Task to carry out>
Could you reproduce all the entries under this sentence exactly, leaving the images aside?

Scraped caption text data>
=== Begin Enclosure ===
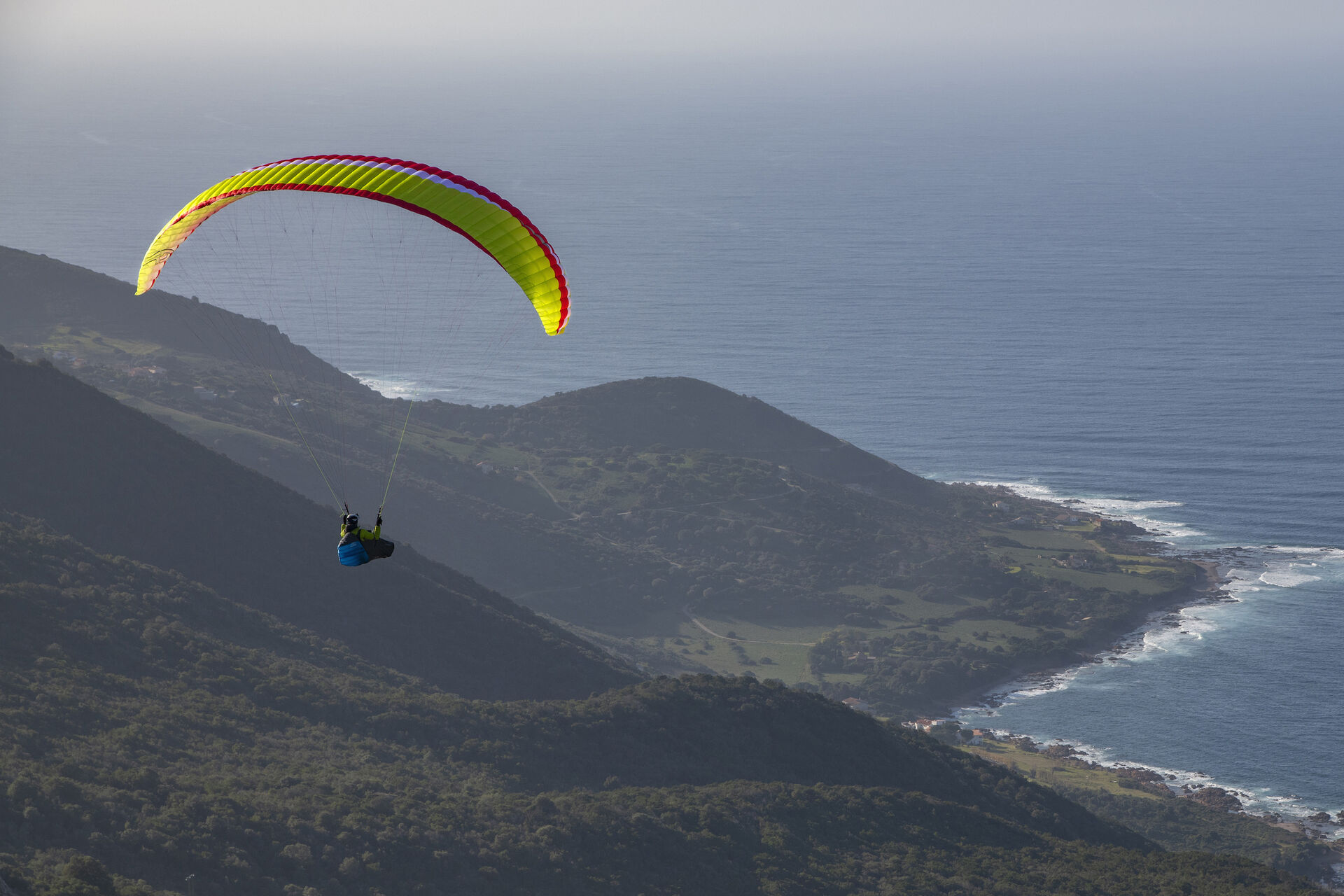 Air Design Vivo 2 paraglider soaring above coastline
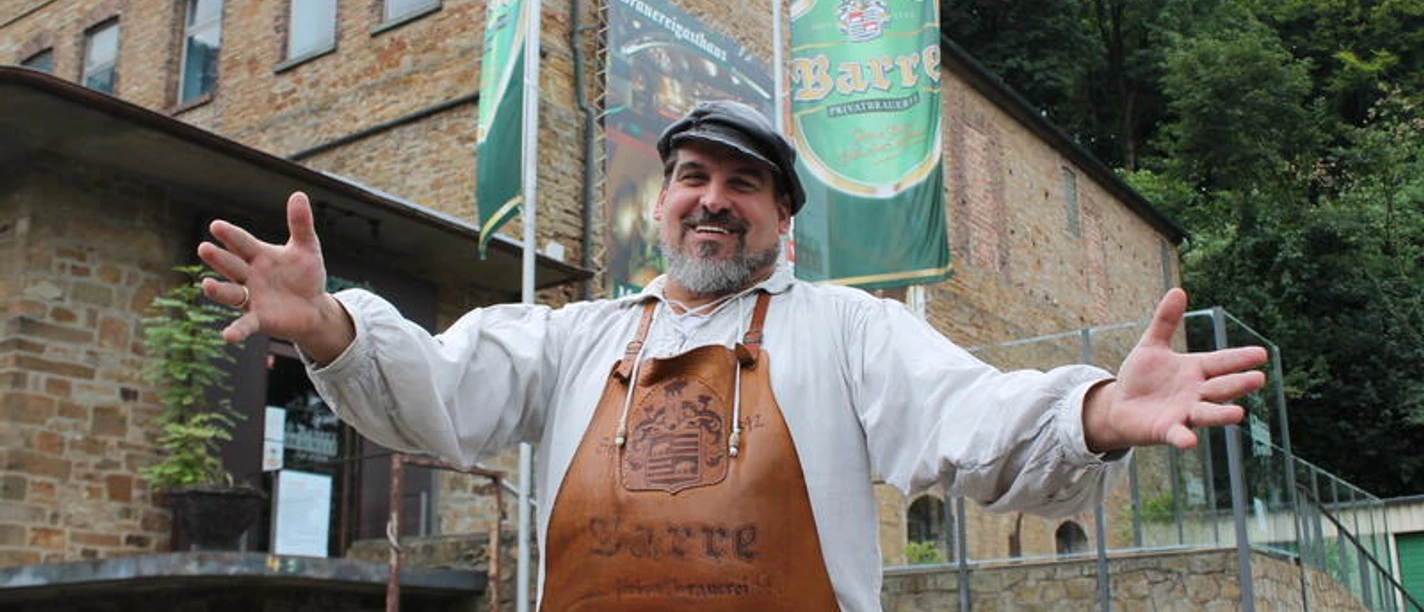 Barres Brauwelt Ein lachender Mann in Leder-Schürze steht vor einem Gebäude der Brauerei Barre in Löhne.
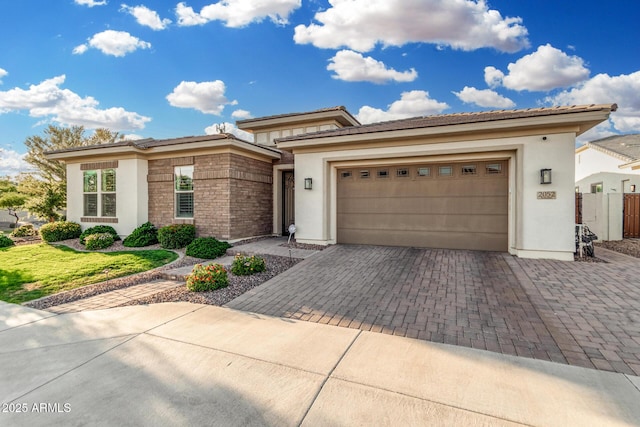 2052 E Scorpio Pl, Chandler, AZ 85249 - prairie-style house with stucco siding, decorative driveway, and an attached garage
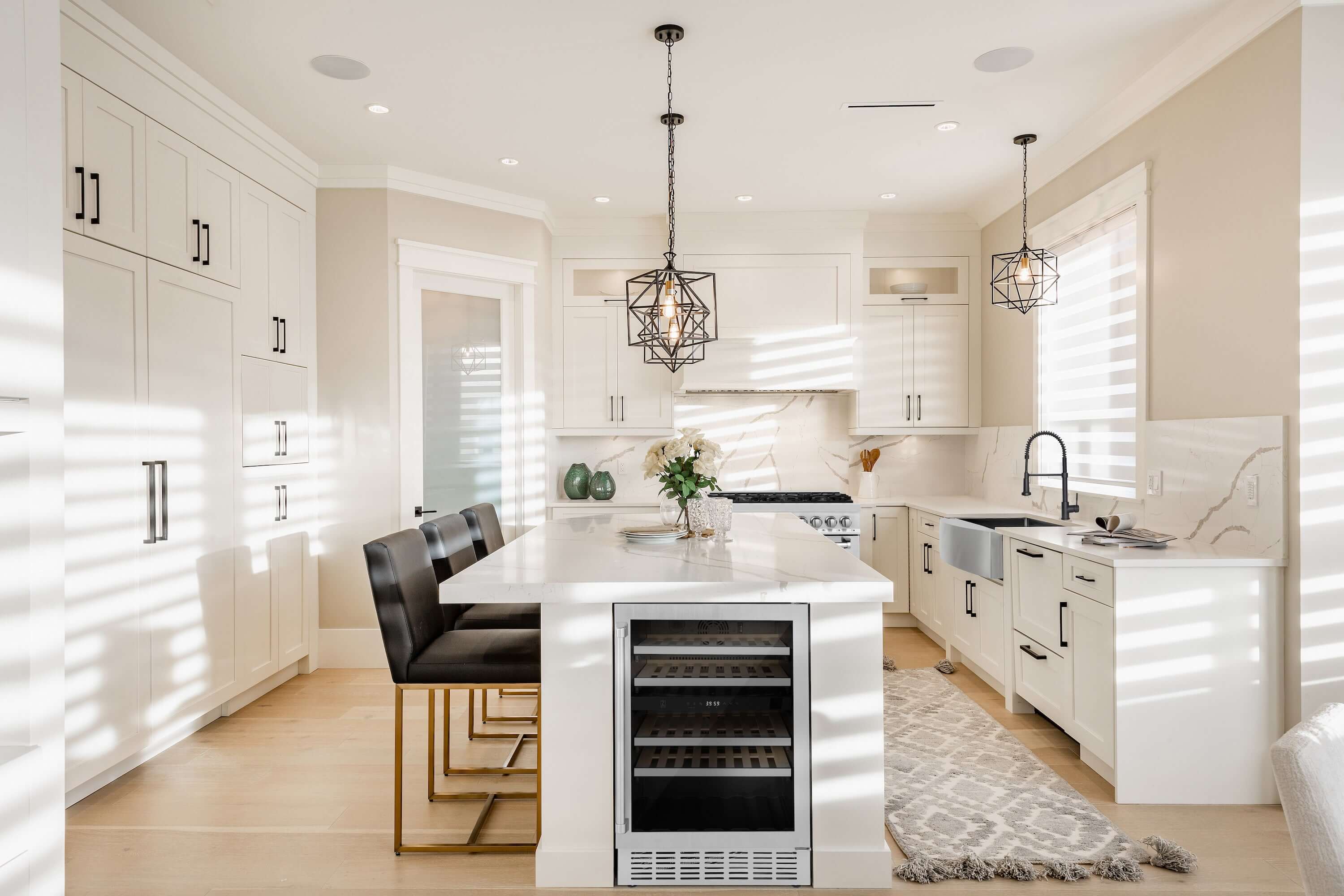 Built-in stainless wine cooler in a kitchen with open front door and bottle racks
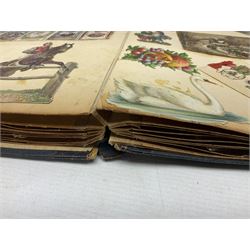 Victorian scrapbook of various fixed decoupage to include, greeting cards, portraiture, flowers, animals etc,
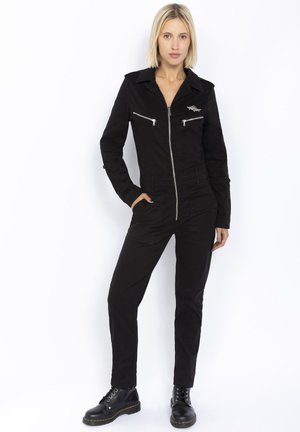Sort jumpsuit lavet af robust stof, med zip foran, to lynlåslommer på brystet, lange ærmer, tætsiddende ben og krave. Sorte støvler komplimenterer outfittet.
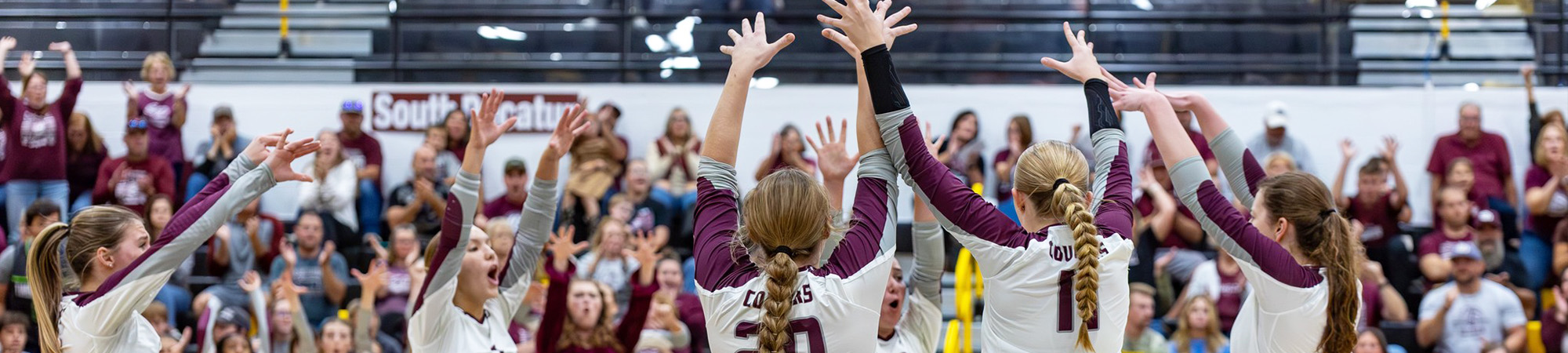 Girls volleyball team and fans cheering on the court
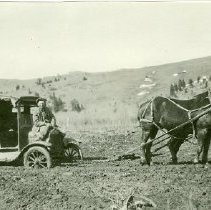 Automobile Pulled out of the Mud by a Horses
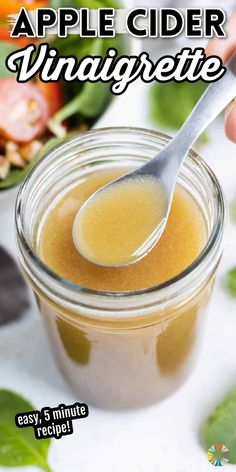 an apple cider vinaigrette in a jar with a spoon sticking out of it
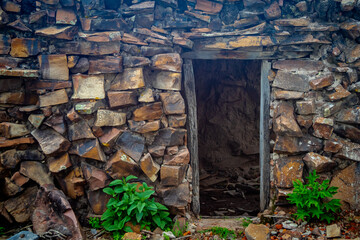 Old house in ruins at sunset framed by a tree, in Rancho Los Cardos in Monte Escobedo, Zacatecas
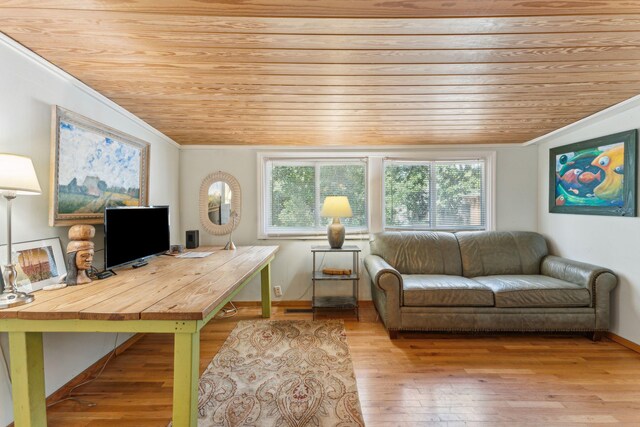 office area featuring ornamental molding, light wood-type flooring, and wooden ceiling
=== End Enclosure ===
Problem solution>
 Air Design Vivo 2 paraglider soaring above coastline
 Barres Brauwelt Ein lachender Mann in Leder-Schürze steht vor einem Gebäude der Brauerei Barre in Löhne.
 2052 E Scorpio Pl, Chandler, AZ 85249 - prairie-style house with stucco siding, decorative driveway, and an attached garage
 Built-in stainless wine cooler in a kitchen with open front door and bottle racks
 Victorian scrapbook of various fixed decoupage to include, greeting cards, portraiture, flowers, animals etc,
Sort jumpsuit lavet af robust stof, med zip foran, to lynlåslommer på brystet, lange ærmer, tætsiddende ben og krave. Sorte støvler komplimenterer outfittet.
 Girls volleyball team and fans cheering on the court
 Automobile Pulled out of the Mud by a Horses
 an apple cider vinaigrette in a jar with a spoon sticking out of it
 Old house in ruins at sunset framed by a tree, in Rancho Los Cardos in Monte Escobedo, Zacatecas
 office area featuring ornamental molding, light wood-type flooring, and wooden ceiling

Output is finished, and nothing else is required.